Although I was trying to exclude foreign-language articles, I also excluded a bunch of foreign words. One reason was that it was a check on whether I missed any foreign-language articles. Another was that if I didn’t do this, then articles that had extensive quotation from foreign languages would be seen by the model as being in their own distinctive topic merely in virtue of having non-English quotations. And that seemed wrong. So to fix it, I excluded these words:
- auch, aussi, autre, cette, diese, haben, leur, soit, toute, peut, noch, habe, wenn, einem, doch, durch, kann, comme, aber, mais, nur, wird, wie, sont, ich, dieser, oder, avec, une, werden, bien, sie, auf, einer, dans, dass, esta, nicht, entre, uns, ont, que, wir, nach, einen, como, esprit, seine, elles, fait, elle, eine, lui, selbst, aus, deux, vom, pensee, schon, zum, nin, propre, les, pour, espace, las, una, amour, sind, etre, ueber, biran, das, bei, qui, temps, mich, alcan, sich, ein, zur, idee, welt, philosophique, mir, vie, homme, ces, maupertuis, leipzig, als, essai, del, sens, hier, monde, und, histoire, soi, por, des, den, bachelard, logique, sans, meyerson, filosofia, bourgeois, sein, philosophie, ist, meiner, zeit, raison, tarde, begriff, los, theorie, dem, der, pas, revue, uber, veblen, mas, weil, ser, philosophische, psychologie, milieu, geschichte, sur, dire, ses, une, les, que, est, etc
Finally, I excluded a bunch of words that seemed to turn up primarily in bibliographies or in text citations. Including them seemed to just make the model be more sensitive to the referencing style of the journal rather than the content. But here the deletions really did cost some content, because some of the words were philosophically relevant. But I deleted them because they seemed to be turning up more often in bibliographies than in text:
- doi, proceedings, review, journal, press, compilation, compilation, editors, supplementary, quarterly, aristotelian, kegan, dordrecht, minnesota, reidel, edu, stanford, oxford, cambridge, basil, blackwell, thanks, cit, mit, eds, loc, york, university, nous, chicago, clarendon, edited
The surprising one there is compilation. But it most often appears because some journals have a footer saying “Journal compilation ©”.

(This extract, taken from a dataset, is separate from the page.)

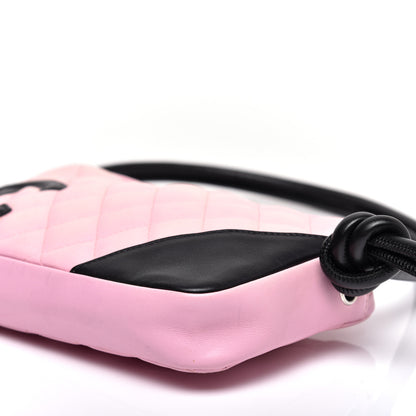 Chanel Calfskin Quilted Cambon Pochette Pink Black 7 of 11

Then to speed up processing, I deleted any word that appeared in any article three times or less This lost some content, but it sped up the processing a lot. Some of the steps I’ll describe below took several days computing time. Without this restriction they would have taken several weeks. And I thought words that appear one to three times in an article shouldn’t be that significant for determining its content. Though as I’ll note below, this might have been too aggressive in retrospect.